I richiami della comunità internazionale: tra impegni e incertezze
Negli scorsi mesi la pressione internazionale si è fatta sentire: risoluzioni, appelli, richieste di accesso umanitario, ingenti promesse di ricostruzione. Tuttavia, secondo Amnesty, la risposta resta parziale, frammentata, insufficiente.
La decisione della United Nations Security Council di approvare un piano di ricostruzione per Gaza — quantificato in decine di miliardi di dollari — rischia oggi di restare su carta, se non accompagnata da garanzie concrete per la protezione dei civili, il rispetto del diritto internazionale, l’accesso all’aiuto e la responsabilità dei colpevoli.
È dunque fondamentale che gli Stati del mondo — nonostante crisi globali, logiche di realpolitk, interessi economici o geopolitici — mantengano alta la pressione su Israele, chiedano trasparenza, accesso umanitario e giustizia.

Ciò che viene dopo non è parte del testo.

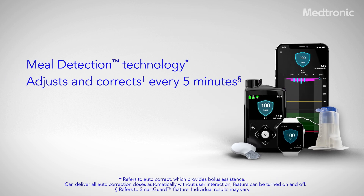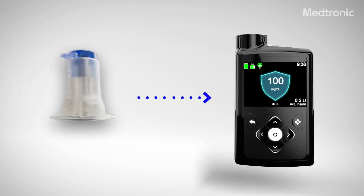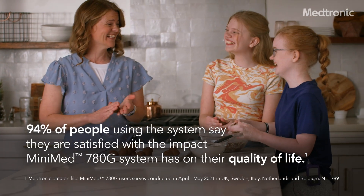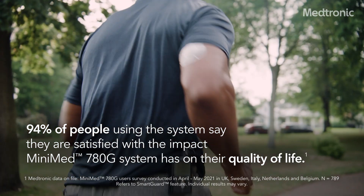It automatically adjusts and corrects sugar levels every five minutes with no finger sticks when using SmartGuard technology. And it's compatible with the only infusion set you can wear up to seven days. Let the advanced technology of the MiniMed 780G system take on more of the work for you, so you can focus less on managing diabetes and more on enjoying life.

Perché Gaza non può diventare un enorme cimitero dimenticato.
Perché questa denuncia ci riguarda tutti — e cosa possiamo fare
Il dramma di Gaza non è una questione distante, confinata in un territorio remoto. È un test per la comunità internazionale, per la tutela dei diritti umani, per la forza delle convenzioni internazionali a protezione dei più vulnerabili.
Accettare che un genocidio prosegua sotto silenzio significa scrivere un brutto precedente: genera impunità, legittima la violenza, mina la speranza di pace e riconciliazione.
Chi legge — cittadini, attivisti, giornalisti, politici — deve sapere: non basta una tregua, non bastano dichiarazioni retoriche o aiuti simbolici. Quello che serve è una difesa reale della vita, un diritto alla giustizia, una ricostruzione con dignità.
Per questo, le parole di Amnesty International vanno ascoltate come un appello urgente: spalancare gli occhi, puntare i riflettori, chiedere a gran voce che la Striscia di Gaza — e il popolo che la abita — non siano lasciati soli nel buio.